Nallo now divides his time between Toronto, with his wife and their two kids, and Montreal, where he prepares for fights at the storied Tristar Gym.

In Toronto, he trains at Santos Brothers BJJ these days but, along with some friends, is also in the process of opening Tristar Toronto. Nallo plans to teach at the new gym when not training.

“Luckily for me, I’m pretty happy to scrape by. All I really care about is training,” said Nallo. “I didn’t really have to do much other than maybe teach a few private (lessons).”

He says watching Jackie Chan movies as a kid got him into martial arts, “just kind of falling in love with how amazing he could make choreographed martial arts look.”

With none of the sports in high school catching his eye, his mother signed him up to a Japanese jiu-jitsu class when he was 15 or 16.

“I just kind of took to it from there,” he said. 

He needed just 39 seconds to win his pro debut, stopping Joseph Latour with a head kick — after listening to shouted instructions from longtime coach Firas Zahabi.

“That was a good lesson learned,” said Nallo. “A nice way to start your career, for sure.”

Nallo started training at Tristar while living in Ottawa, commuting on weekends to train in Montreal with fellow fighter Nabil Khatib. That led to sparring with St-Pierre at Tristar ahead of St-Pierre’s fight with England’s Dan (The Outlaw) Hardy in March 2010 at UFC 111.

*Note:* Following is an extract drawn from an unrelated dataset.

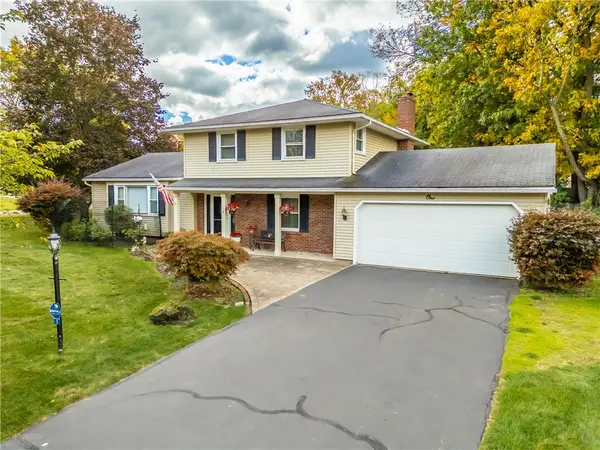 1 Cypress Circle, Fairport, NY 14450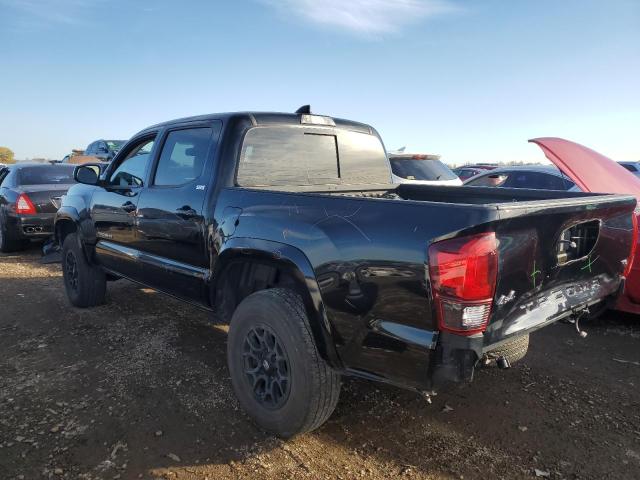 2020 TOYOTA TACOMA DOU - 3TMCZ5AN2LM326054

Nallo credits St-Pierre for helping him bounce back from his last loss, to American Adam (The Bomb) Piccolotti in March 2023 at Bellator 293 in Temecula, Calif. St-Pierre called him on the drive back to the airport after the submission loss.

“He just gave me some advice on how I should be competing — and maybe to help myself not get in my own head,” said Nallo. “That had always been a trouble of mine. Just overthinking and freezing in the big moments.”

He says the advice still resonates “and I use it to this day.”

Nallo has won five straight since exiting Bellator after the Piccolotti loss, leaving him with a 4-3-0 record with one no-contest in the promotion from 2018 to 2023. 

Nallo has used the unlikely nickname of “Rat Garbage” in the past.

He says the name came accidentally, from his days living in the Tristar dorms with other fighters, when he reluctantly started an Instagram account. 

“We kind of brainstormed a name that would be the antithesis of what you’re supposed do with an MMA Instagram (account). Rat Garbage was the available one,” he recalled. “If Rat Lord or Garbage King or any of those, had been available, that would have been my nickname but Rat Garbage was the one. And it’s just kind of stuck ever since. 

“People seem to like it,” he added with a chuckle.